Perdigões is a large archaeological complex covering an area of around 20 ha, comprised of several large ditched enclosures (structures dug into the rock). It includes a necropolis area (cemeteries) and a cromlech or ceremonial megalithic enclosure defined by several menhirs, whose foundation dates back to the Middle Neolithic (around 5500 years ago), extending its existence until the beginning of the Bronze Age (around 4000 years ago), representing 1,500 years of history. The site would have played a crucial role for the communities that inhabited the area in Recent Prehistory and would probably have been a place where people gathered, similar to a sanctuary, to practise ritual ceremonies, some related to the cult of the dead and ancestors. We have been uncovering the traces of these practices.
Over the past twenty years, extensive fieldwork has been carried out, including dozens of archaeological excavation campaigns, laboratory work, papers presented at numerous national and international congresses and lectures at various Portuguese and foreign universities. Approximately sixty articles were published in specialist journals, and master's and doctoral theses have been completed or are currently in progress regarding Perdigões.
Over the years, the Perdigões Global Research Program, led by ERA, has coordinated several specific projects developed in an integrated manner by various institutions, such as ERA, the universities of Algarve, Coimbra and Malaga, the German Archaeological Institute, the Igespar Archaeosciences Laboratory and the Nuclear and Technological Institute.
The excavations welcomed specialists and students from Portuguese, Spanish, English, Italian, French and Austrian universities.
The first international workshop on ditched enclosures occurred around Perdigões in 2006 and the second in 2016, with the support of the Calouste Gulbenkian Foundation, Esporão S.A. and the Millennium BCP Foundation.
The ongoing research, coordinated by the Archaeological Research Centre of ERA Arqueologia, has been essentially funded by ERA, Esporão and the Foundation for Science and Technology. We have been working in several areas, including negative structures such as ditches or pits, one of the most significant aspects being the presence of multiple funerary contexts. Their diversity is remarkable, including tombs from secondary inhumations, primary inhumations or deposits of human cremations dating back some 4,500 years. The latter funerary practices are considered unusual, and their discovery raises interesting questions about changing views of the world and human beings.

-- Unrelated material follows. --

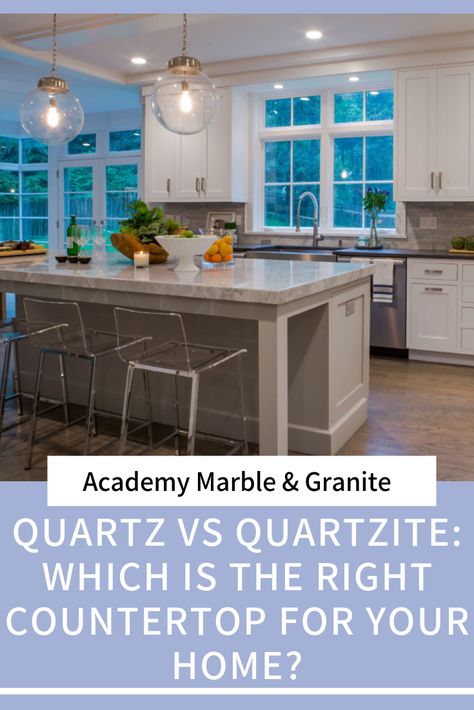 Quartzite Vs Quartz, Quartz Vs Quartzite Countertops, Granite Vs Quartz Countertops, Quartz Vs Granite Countertops, Quartz Vs Granite, Kitchen Counter Design, Academy Design, Quartz Countertop Colors, Quartzite Counters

Associated with these contexts of human cremations, a remarkable set of anthropomorphic ivory statuettes of notable naturalism and aesthetic beauty, known in other contexts in the south of the Iberian Peninsula, appeared for the first time in Portugal. Their meaning is a matter of debate among specialists, and they may represent deities, people or specific social statuses, identities or kinship groups.
The continued duration of the Perdigões research, the internationalisation it has achieved and the public awareness concerns that have always accompanied it, of which the exhibition in the medieval tower of Herdade do Esporão is a milestone, have made it one of the most important prehistoric archaeology projects in Portugal, recognized by the magazine Almadan in the issue dedicated to the notable projects of Portuguese Archaeology. The status achieved also allows it to enjoy a high level of international prestige, enabling it to continue expanding its network of institutional collaborations and to be at the forefront of research into this archaeological phenomenon.